Published on

CDK or CloudFormation

Authors

Having used CloudFormation extensively to write infrastructure code hosted on AWS, I had a brief experience of using CDK on a small project at my previous employer. It seemed like a nifty tool AWS had developed on top of CloudFormation. The fact you could write your infrastructure code in a supported programming language and not in YAML or JSON is not only attractive, but it also seems intuitive. But having used it more on my own project, I have a different opinion of it.

Before diving into the pain points I experienced whilst using it, let’s see some of the benefits of CDK over CloudFormation.

THE GOOD

  • Bootstrapping: CDK enables you to easily prep your cloud environment before deploying your artifacts; for example, an S3 bucket needed to store your assets (generation CloudFormation files). Basically, things you would normally do with AWS CLI and bash to set up your cloud environment properly before provisioning your resources get done for you by a simple CDK command: `cdk bootstrap`
  • Default managed IAM roles and policies get created as part of your new construct, especially for commonly used AWS services. For example, the basic role your Lambda needs for sending logs to Cloudwatch logs gets created and attached by default unless you decide to create a custom one to override it.
  • Easy lookup of Construct (CDK representation of an AWS resource) properties with IntelliSense in your IDE or text editor which reduces the constant need to keep navigating to the AWS documentation sites to look up CloudFormation specs for your infrastructure code.
  • Easy management of dependent resources that can be referenced by importing them by ARN or attribute into your infrastructure code. It’s easier to look up services that your Constructs have permissions to access from right inside your CDK code especially if they already exist, for example, a VPC, RDS instance, or Kinesis stream. Here’s an example of a Kinesis stream import by ARN in TypeScript:
Example of import Kinesis stream in TypeScript
  • Writing infrastructure code in a familiar and supported programming language means you can take full advantage of your chosen language package management and create reusable modules. This can be particularly useful for resources that are commonly used across an organisation’s teams and you want to enforce some form of consistency across infrastructure that they each manage. It can also save time as it’ll be much easier to just run the package or a command-line tool to quickly provision required resources that teams can then build on top of.
  • Quicker feedback right in your terminal without having to navigate to the AWS management console to inspect deployment status on the CloudFormation dashboard.

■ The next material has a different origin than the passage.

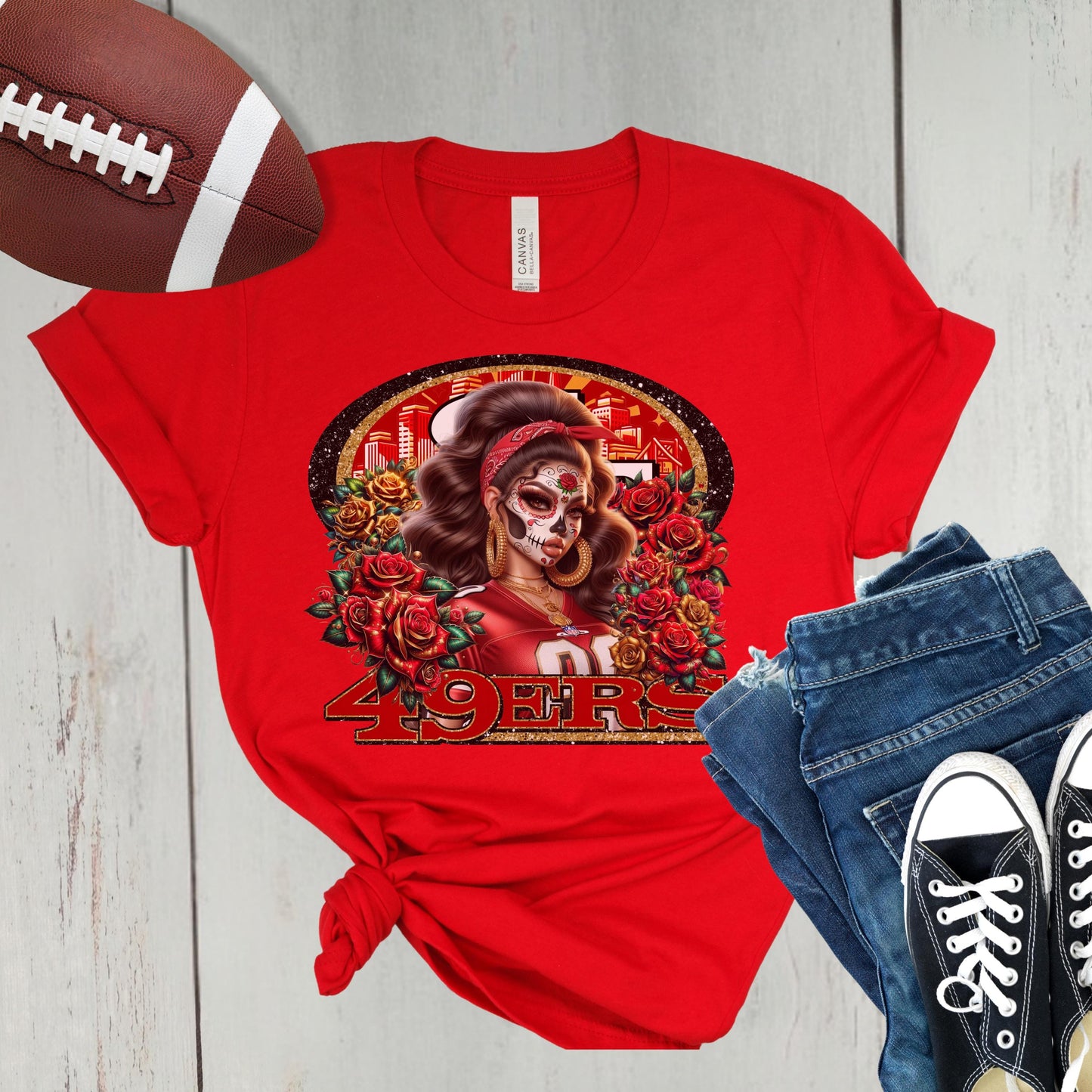 Red t-shirt with a dia de los muertos niners design, football, jeans, and sneakers on a wooden surface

Now let’s talk about what I have found really restrictive and not so desirable when using CDK.

THE BAD

  • Business logic and infrastructure code all look the same especially when you host versioned infrastructure code in the same repo as the application code.
  • More mental overload maintaining both infrastructure code and application logic written in the same language.
  • CDK construct or module version compatibility issues. CDK packages have to be the same version for related stacks. For example, you cannot use a different CDK version for your Lambda and then a different one for API Gateway within the same stack. You’re very likely to have issues. So you’d have to pin down versions. You update one, you update all.

THE UGLY

  • Assets in S3 don’t get reused and you can quickly start accumulating bills. So you’ll need to keep an eye on the assets that get built up over time in S3 and do some clean up from time to time. But there’s a caveat to this.
  • When you delete the assets in S3, you may also need to delete CDK toolkit that gets set up in CloudFormation when you first run the bootstrapping. The CDK toolkit syncs with the assets in S3 and if it doesn’t find them when you try to update your stack, you’d likely experience errors.
  • Some resources are not yet supported. So you may be half-way through a project that uses CDK and find yourself stuck. However AWS provides an escape hatch which is the low-level CDK modules called CFN Resources, they’re often prefixed with Cfn. The downside to this is, you may still have to reference CloudFormation documentation to really understand how to use them. I found myself doing that a lot when using API Gateway WebSockets. It was painful and time-consuming and I might as well have just used CloudFormaiton to create my APIs.

CloudFormation is native to AWS and it seems much easier to use for managing your infrastructure than having to deal with an extra layer of abstraction that is CDK, as well as all the problems that come with maintaining programming language packages and dependencies.